### Problem requirements
Each line below should be retyped exactly, with no pictures.
[[ Data supplied open ]]
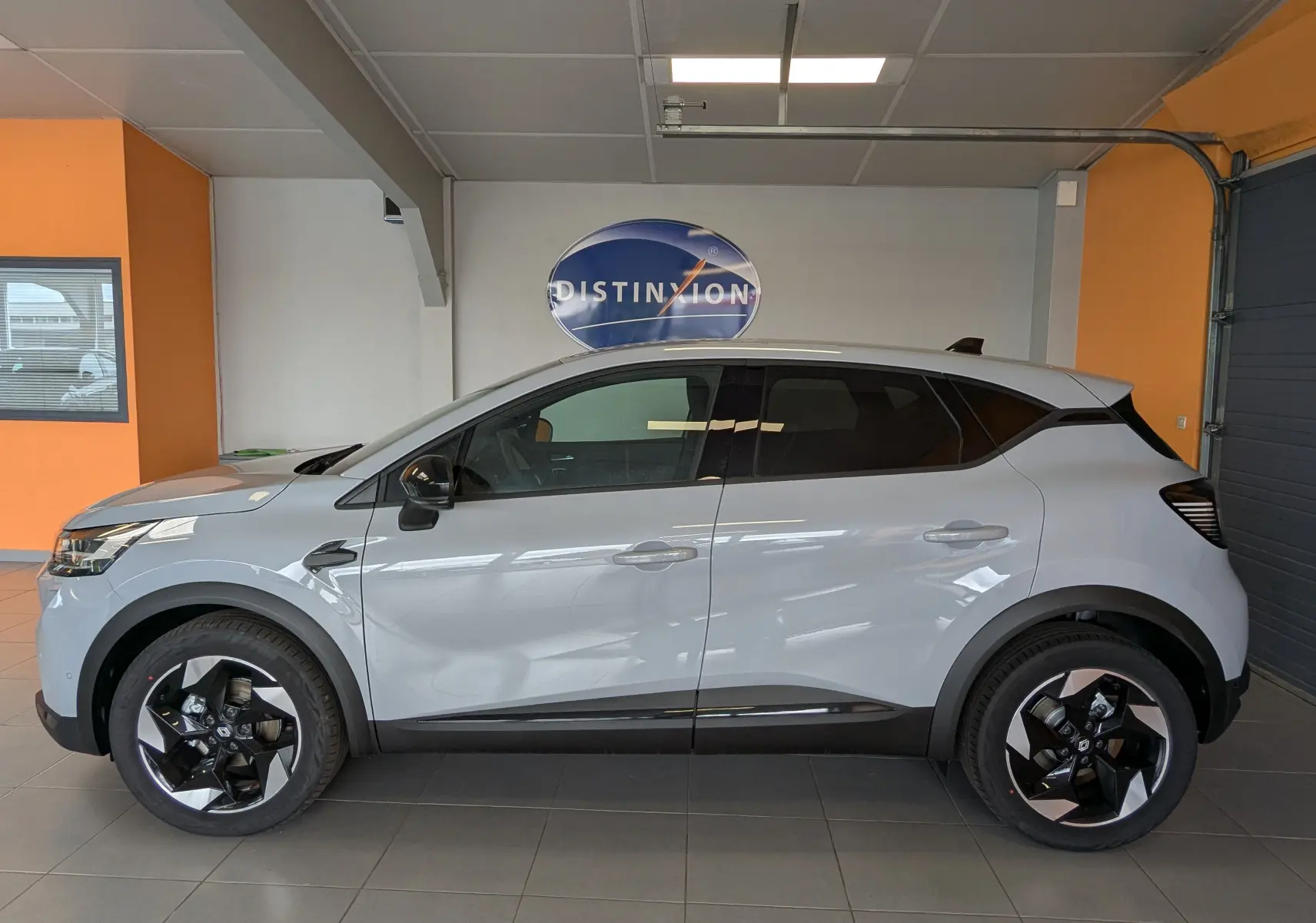 Profil côté gauche d'un Renault Captur gris zinc 2025 avec jantes alliage 18'' bicolores en intérieur showroom.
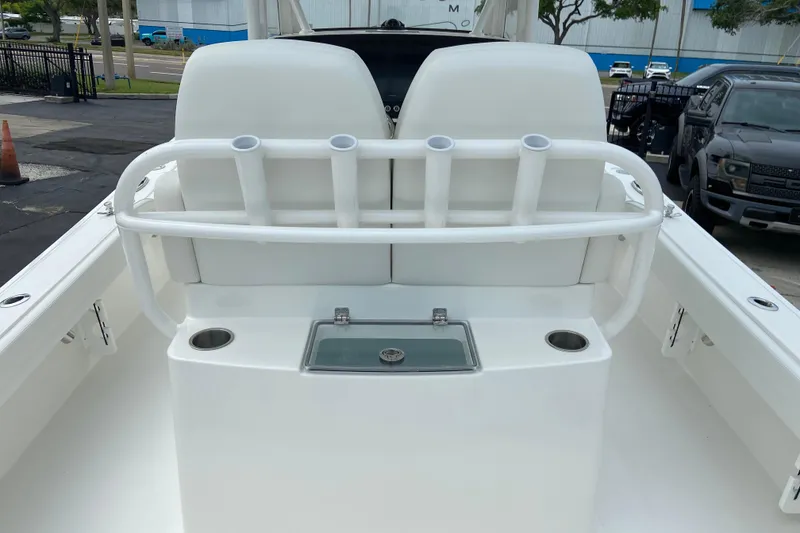 Slide: The Image of 2027 Regulator 26XO boat interior with rod holders and storage compartment. - 12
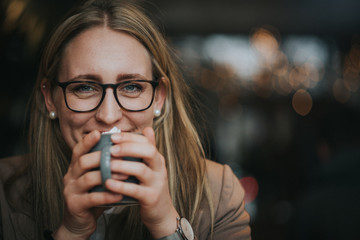 hübsche junge, lachende Frau trinkt kaffee, kakao mit Sahne in einem Cafe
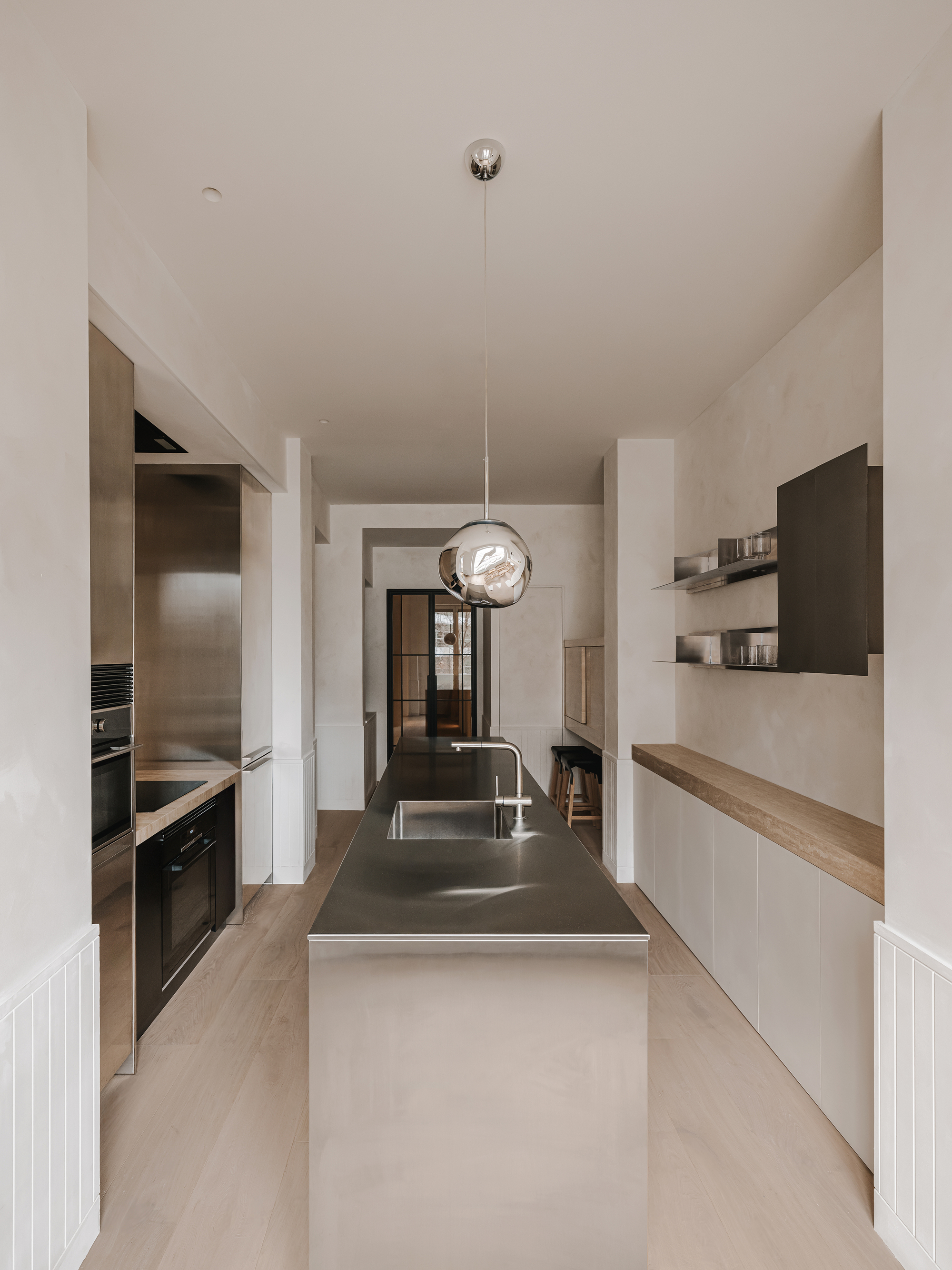 Galley kitchen with stainless steel island, glass pendant and view through to glazed doors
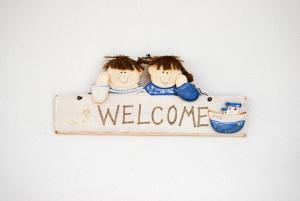 a welcome sign with two dolls hugging at Solaris in Chora Folegandros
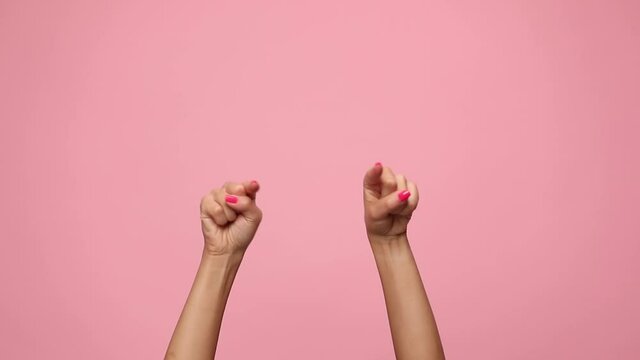 woman holding hands in the air, pointing fingers and dancing on pink background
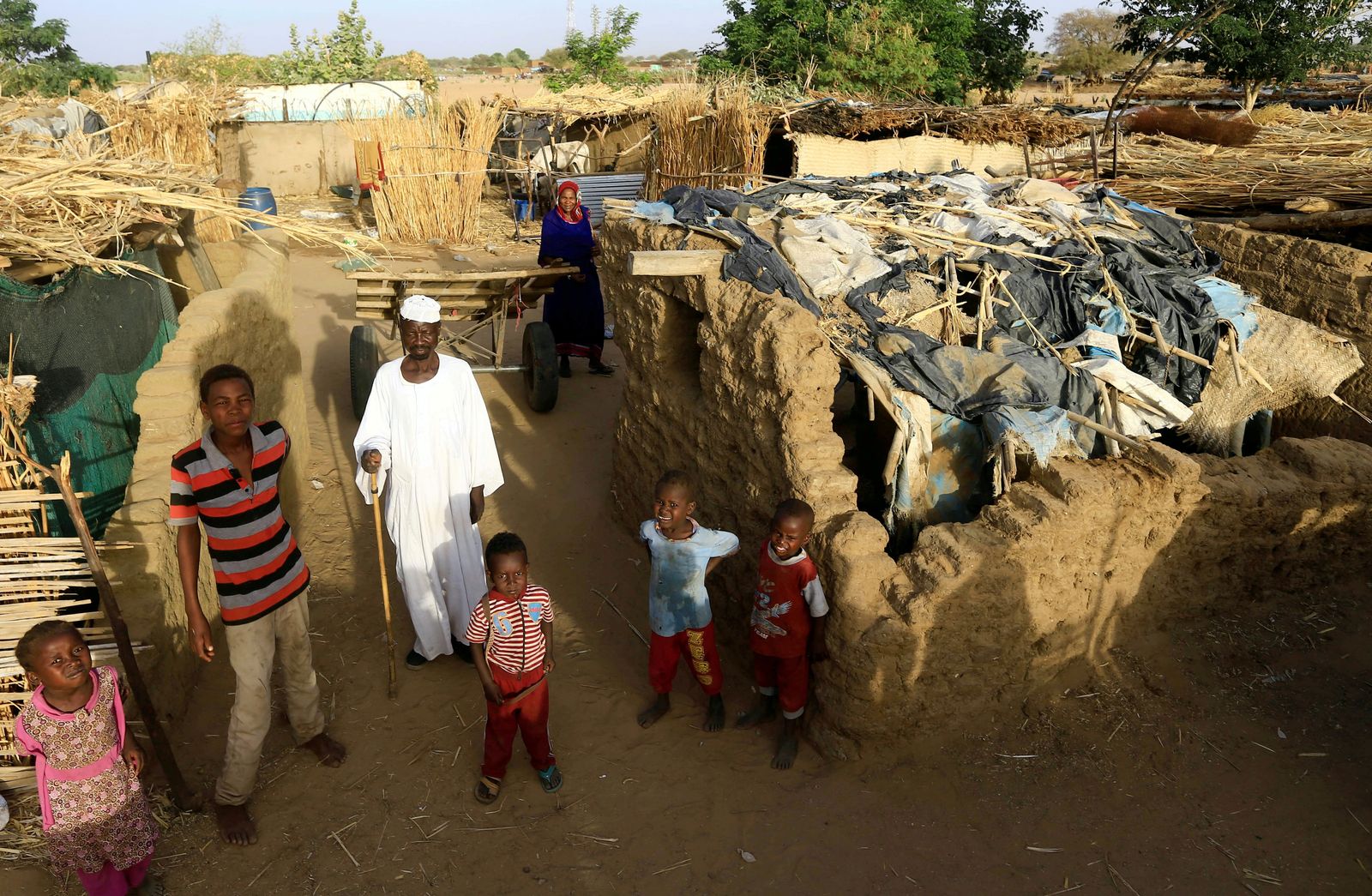 أسرة سودانية نازحة تقف خارج مأواها المؤقت داخل مخيم كلمة للنازحين داخلياً في دارفور - 26 أبريل 2019 - REUTERS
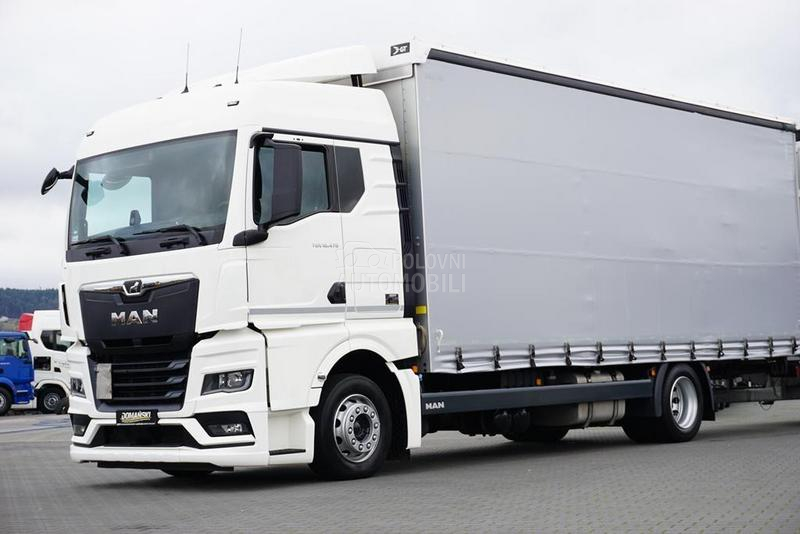 MAN TGX / prikolica DOM1701
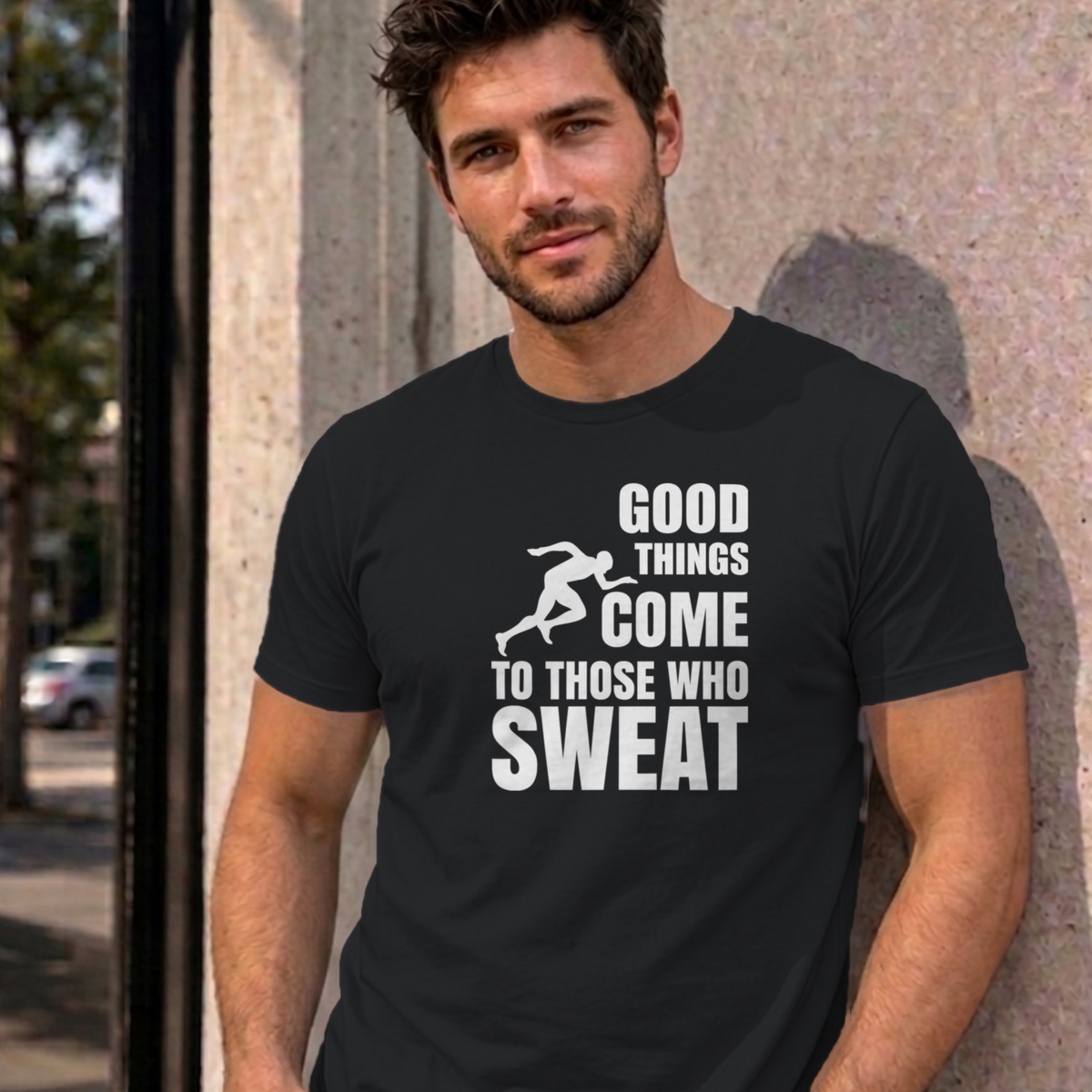 Man wearing the black Good Things Come to Those Who Sweat graphic tee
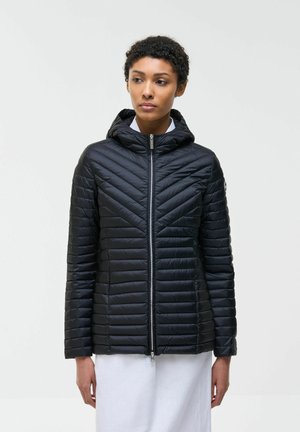 Donna che indossa una giacca imbottita nera con cappuccio chiusa con la cerniera, in piedi contro uno sfondo chiaro uniforme, con le mani rilassate lungo i fianchi.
[[ Data supplied closed ]]
### Result of the task
 Profil côté gauche d'un Renault Captur gris zinc 2025 avec jantes alliage 18'' bicolores en intérieur showroom.
 Slide: The Image of 2027 Regulator 26XO boat interior with rod holders and storage compartment. - 12
 hübsche junge, lachende Frau trinkt kaffee, kakao mit Sahne in einem Cafe
 Galley kitchen with stainless steel island, glass pendant and view through to glazed doors
 a welcome sign with two dolls hugging at Solaris in Chora Folegandros
 woman holding hands in the air, pointing fingers and dancing on pink background
 أسرة سودانية نازحة تقف خارج مأواها المؤقت داخل مخيم كلمة للنازحين داخلياً في دارفور - 26 أبريل 2019 - REUTERS
 MAN TGX / prikolica DOM1701
 Man wearing the black Good Things Come to Those Who Sweat graphic tee
 Donna che indossa una giacca imbottita nera con cappuccio chiusa con la cerniera, in piedi contro uno sfondo chiaro uniforme, con le mani rilassate lungo i fianchi.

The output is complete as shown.